In this “Break This Down” interview, Prof. Hamermesh discusses the economics of time and gender and the role economics play in everyday life.
Your “Poorly Paid” study shows that academics earn 15 percent less than their non-teaching doctorate counterparts. Why is that the case?
About one-third of the 15 percent wage difference arises because academic life is more flexible than other forms of work—there is more ability to schedule work when the instructor wants it, including on weekends, and more time in summers to go on vacation with family. Most people find that kind of flexibility attractive. The rest of the wage difference, I believe, arises from the freedom that academic life gives instructors and researchers. Professors choose their own research topics and are free to study them as they see fit. More than in any other occupation, professors are really their own bosses.
How do economics affect a person’s use of time?
People respond to incentives, and among the biggest incentives are our wages—the “price” at which we can sell our time—and the other income to which our household has access. Being able to earn more per hour leads us to work more; but doing so leaves less time over which to spread the greater earnings, making us rushed for time. Even those who do no paid work have to shoehorn their household’s income into a fixed number of hours per day. So it’s not surprising that both workers and non-workers who have more income do things that take more dollars per hour than do other people. Higher-income people sleep less and watch less TV but go out to restaurants, theater, concerts, and sporting events more than others.
Which issues will be discussed at the Barnard-IZA Conference?

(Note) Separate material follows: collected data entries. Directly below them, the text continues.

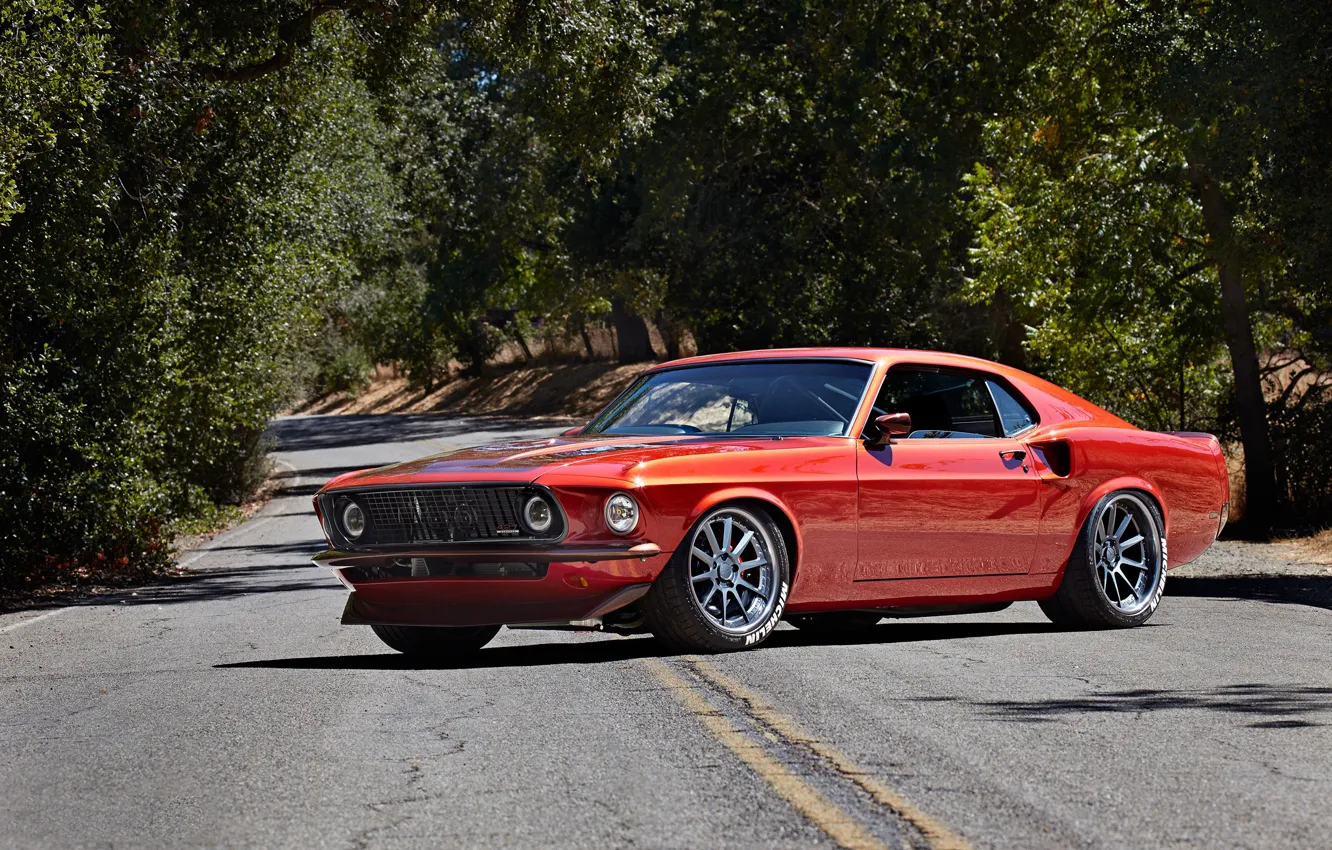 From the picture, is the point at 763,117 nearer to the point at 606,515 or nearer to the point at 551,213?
the point at 551,213

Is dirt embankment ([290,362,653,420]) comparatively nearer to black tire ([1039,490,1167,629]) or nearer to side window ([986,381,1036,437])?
black tire ([1039,490,1167,629])

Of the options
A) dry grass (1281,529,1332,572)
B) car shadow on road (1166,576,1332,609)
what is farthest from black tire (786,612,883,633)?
dry grass (1281,529,1332,572)

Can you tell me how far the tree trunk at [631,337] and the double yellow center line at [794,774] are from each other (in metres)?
51.8

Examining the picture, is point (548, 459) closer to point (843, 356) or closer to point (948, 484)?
point (843, 356)

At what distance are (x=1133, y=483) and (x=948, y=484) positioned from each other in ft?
4.92

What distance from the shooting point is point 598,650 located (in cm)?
923

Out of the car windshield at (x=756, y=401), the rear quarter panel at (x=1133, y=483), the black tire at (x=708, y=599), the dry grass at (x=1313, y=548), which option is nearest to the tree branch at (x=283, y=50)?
the car windshield at (x=756, y=401)

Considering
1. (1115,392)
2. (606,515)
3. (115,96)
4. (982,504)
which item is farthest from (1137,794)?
(1115,392)

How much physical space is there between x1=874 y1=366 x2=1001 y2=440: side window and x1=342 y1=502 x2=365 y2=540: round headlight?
9.35ft

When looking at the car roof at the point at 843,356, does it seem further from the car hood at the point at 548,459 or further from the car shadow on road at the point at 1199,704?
the car shadow on road at the point at 1199,704

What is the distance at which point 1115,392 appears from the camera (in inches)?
857

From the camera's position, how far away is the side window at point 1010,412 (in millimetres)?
9586

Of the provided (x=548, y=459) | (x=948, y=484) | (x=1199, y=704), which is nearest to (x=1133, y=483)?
(x=948, y=484)

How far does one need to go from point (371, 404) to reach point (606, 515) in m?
74.4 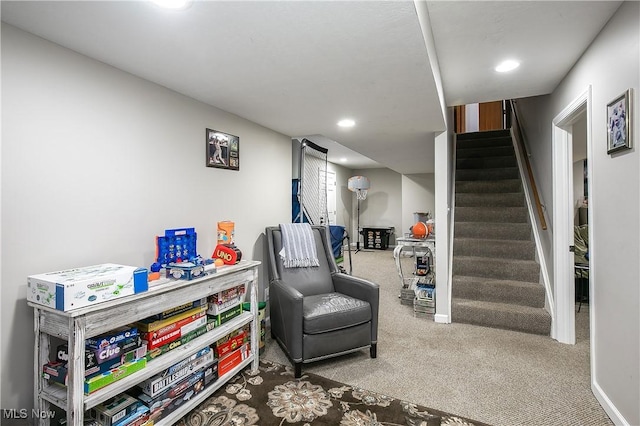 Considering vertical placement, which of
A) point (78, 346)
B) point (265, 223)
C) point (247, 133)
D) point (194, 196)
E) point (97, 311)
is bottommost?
point (78, 346)

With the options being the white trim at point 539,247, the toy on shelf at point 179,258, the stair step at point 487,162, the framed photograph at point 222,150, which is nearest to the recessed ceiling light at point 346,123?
the framed photograph at point 222,150

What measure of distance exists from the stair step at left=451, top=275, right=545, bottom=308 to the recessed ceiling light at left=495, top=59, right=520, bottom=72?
215 centimetres

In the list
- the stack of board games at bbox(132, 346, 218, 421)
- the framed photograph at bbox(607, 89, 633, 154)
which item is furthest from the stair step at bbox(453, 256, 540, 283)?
the stack of board games at bbox(132, 346, 218, 421)

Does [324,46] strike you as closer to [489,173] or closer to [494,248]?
[494,248]

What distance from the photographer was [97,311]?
4.30 feet

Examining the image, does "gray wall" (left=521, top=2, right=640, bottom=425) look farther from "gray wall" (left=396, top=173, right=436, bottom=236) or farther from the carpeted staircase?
"gray wall" (left=396, top=173, right=436, bottom=236)

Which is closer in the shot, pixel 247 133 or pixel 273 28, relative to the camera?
pixel 273 28

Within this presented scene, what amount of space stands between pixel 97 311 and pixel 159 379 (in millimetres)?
571

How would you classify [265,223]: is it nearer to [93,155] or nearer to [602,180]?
[93,155]

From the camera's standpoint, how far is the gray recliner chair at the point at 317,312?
215 cm

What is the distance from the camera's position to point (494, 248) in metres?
3.63

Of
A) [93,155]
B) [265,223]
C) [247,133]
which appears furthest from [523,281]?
[93,155]

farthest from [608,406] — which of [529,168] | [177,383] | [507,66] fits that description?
[529,168]

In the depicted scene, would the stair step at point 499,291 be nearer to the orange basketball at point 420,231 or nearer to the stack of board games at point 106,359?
the orange basketball at point 420,231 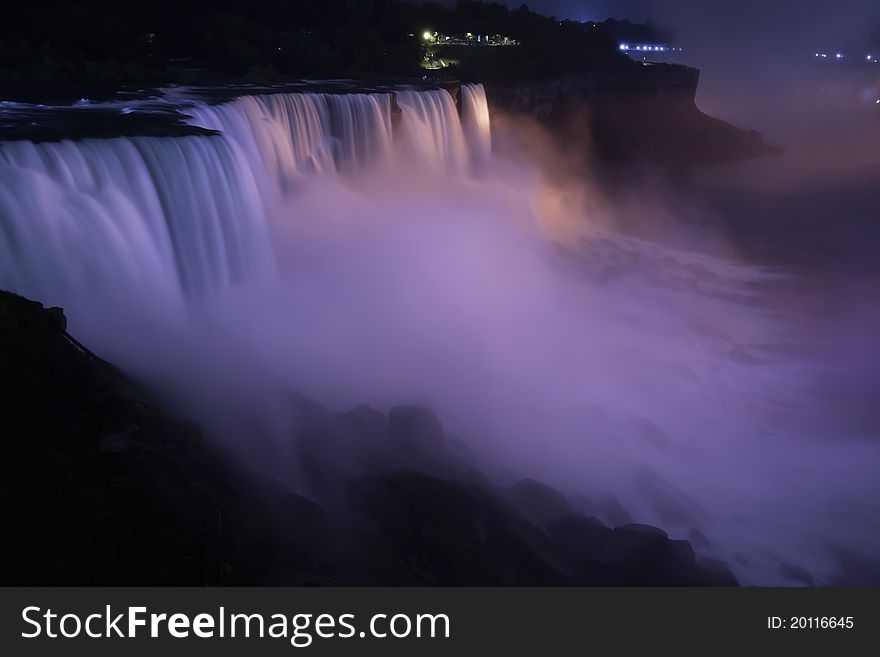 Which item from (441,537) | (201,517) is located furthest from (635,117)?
(201,517)

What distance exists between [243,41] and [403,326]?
59.1 ft

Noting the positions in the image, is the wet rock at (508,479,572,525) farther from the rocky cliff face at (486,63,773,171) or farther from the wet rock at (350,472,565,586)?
the rocky cliff face at (486,63,773,171)

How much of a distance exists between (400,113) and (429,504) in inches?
649

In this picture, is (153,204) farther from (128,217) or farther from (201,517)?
(201,517)

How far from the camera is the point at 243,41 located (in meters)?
27.3

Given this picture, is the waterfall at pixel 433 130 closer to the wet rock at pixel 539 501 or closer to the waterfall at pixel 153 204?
the waterfall at pixel 153 204

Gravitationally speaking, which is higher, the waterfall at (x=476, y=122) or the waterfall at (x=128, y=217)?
the waterfall at (x=128, y=217)

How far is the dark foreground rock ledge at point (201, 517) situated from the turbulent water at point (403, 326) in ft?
5.21

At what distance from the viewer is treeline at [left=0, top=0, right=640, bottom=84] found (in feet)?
68.9

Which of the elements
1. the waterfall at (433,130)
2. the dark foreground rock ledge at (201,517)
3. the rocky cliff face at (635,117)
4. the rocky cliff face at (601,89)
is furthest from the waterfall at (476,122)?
the dark foreground rock ledge at (201,517)

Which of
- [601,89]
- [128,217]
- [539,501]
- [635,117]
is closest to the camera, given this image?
[539,501]

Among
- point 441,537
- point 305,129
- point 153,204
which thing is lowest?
point 441,537

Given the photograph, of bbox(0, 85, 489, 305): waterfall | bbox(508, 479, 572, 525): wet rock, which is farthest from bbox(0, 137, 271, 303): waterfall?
bbox(508, 479, 572, 525): wet rock

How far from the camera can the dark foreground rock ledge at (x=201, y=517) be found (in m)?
5.16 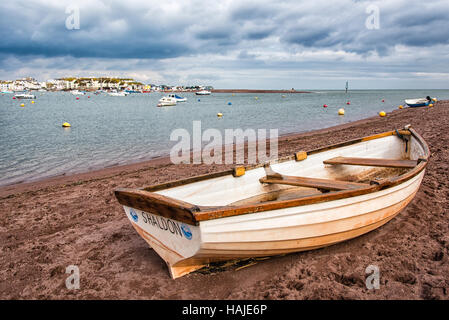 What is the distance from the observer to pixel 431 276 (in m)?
3.77

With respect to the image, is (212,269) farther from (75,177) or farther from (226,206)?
(75,177)

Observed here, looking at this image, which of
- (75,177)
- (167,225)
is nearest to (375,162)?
(167,225)

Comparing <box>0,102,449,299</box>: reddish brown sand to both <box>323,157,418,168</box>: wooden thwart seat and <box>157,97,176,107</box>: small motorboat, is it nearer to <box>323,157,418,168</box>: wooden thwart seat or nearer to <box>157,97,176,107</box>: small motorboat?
<box>323,157,418,168</box>: wooden thwart seat

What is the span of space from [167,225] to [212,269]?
97cm

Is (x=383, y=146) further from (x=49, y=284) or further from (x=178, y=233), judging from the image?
(x=49, y=284)

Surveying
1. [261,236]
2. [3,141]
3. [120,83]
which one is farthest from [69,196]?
[120,83]

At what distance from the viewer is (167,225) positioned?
3697 mm

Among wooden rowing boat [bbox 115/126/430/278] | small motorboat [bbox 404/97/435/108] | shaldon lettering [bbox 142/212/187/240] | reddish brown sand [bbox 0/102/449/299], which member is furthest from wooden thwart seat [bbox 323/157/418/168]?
small motorboat [bbox 404/97/435/108]

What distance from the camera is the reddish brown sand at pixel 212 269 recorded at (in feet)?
12.2

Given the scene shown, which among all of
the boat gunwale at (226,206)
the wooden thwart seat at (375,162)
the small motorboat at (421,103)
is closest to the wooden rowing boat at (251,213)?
the boat gunwale at (226,206)

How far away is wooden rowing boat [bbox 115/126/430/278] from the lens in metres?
3.47

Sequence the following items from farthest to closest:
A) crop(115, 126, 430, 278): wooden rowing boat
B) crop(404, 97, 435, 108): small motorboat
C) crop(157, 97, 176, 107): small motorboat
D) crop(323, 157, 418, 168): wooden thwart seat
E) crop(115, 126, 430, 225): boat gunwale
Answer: crop(157, 97, 176, 107): small motorboat, crop(404, 97, 435, 108): small motorboat, crop(323, 157, 418, 168): wooden thwart seat, crop(115, 126, 430, 278): wooden rowing boat, crop(115, 126, 430, 225): boat gunwale

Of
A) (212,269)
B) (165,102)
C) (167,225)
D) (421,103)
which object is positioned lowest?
(212,269) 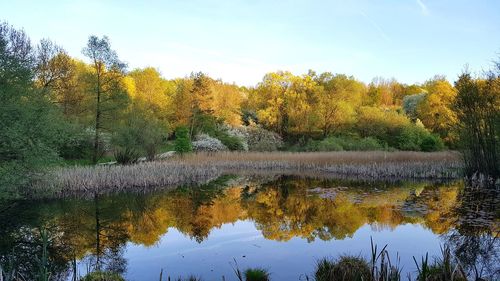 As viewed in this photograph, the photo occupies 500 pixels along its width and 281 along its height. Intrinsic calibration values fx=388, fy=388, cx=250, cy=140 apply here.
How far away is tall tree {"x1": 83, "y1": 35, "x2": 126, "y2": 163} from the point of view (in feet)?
72.4

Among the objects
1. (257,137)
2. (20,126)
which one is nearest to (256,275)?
(20,126)

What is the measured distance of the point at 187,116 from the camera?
37812 mm

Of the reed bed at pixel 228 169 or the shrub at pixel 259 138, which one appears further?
the shrub at pixel 259 138

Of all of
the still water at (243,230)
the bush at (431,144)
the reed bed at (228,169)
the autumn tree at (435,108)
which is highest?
the autumn tree at (435,108)

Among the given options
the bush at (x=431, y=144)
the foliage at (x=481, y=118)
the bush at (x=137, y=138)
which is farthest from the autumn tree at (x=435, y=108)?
the bush at (x=137, y=138)

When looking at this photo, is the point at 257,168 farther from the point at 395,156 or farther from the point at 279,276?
the point at 279,276

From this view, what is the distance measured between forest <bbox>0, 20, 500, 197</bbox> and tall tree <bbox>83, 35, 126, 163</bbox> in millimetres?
56

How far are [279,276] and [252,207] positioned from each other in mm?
6448

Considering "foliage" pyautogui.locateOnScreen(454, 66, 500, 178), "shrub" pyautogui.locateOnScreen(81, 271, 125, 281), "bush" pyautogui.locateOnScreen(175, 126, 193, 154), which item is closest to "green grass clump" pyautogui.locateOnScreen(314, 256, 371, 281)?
"shrub" pyautogui.locateOnScreen(81, 271, 125, 281)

Some of the most interesting discussions involve looking at how the presence of women among top earners and in highly visible occupations has changed over time and how it differs across countries. The importance of mentoring women, role models, and norms in behavior are analyzed in some of the studies. Policies such as school-starting times, family leave, and the U.S. Earned Income Tax Credit are among the many that will be analyzed at the Barnard conference.
In your “Economics of Life” course, how do students use economics to understand daily life?
The purpose of the class is to get students to think about their own past, current, and future life courses, and to realize that a lot of what they do can be explained by the economic incentives they face. For example, in dating markets people’s choices are affected, whether they know it or not, by the incentives provided by the size and make-up of the group of prospective dates. Finding a prom date leads to unusual behavior that is like the behavior that economists have analyzed in job markets. In short, nearly every aspect of our personal behavior has useful analogs in more familiar markets, and the study of those analogs helps students realize how useful economics is in their daily lives.
Why is it important for students in your course to personally collect and then collaborate on the data?
Collecting data—which comes after the students have cooked up their ideas and designed their hypotheses—is a good way for them to think about the scientific method. Because I expect a serious piece of work that might even be publishable, having students pair up to do their projects mitigates the burden on each student. It also has the advantage of letting students bounce their thoughts off their project partner throughout the project.
Among the more interesting projects created this past term was one entitled “Swipe-Matching and the Cost of Sex: Relationships in the Age of Tinder,” and another called “Social Media and the Contingent Value of New York City Attractions.”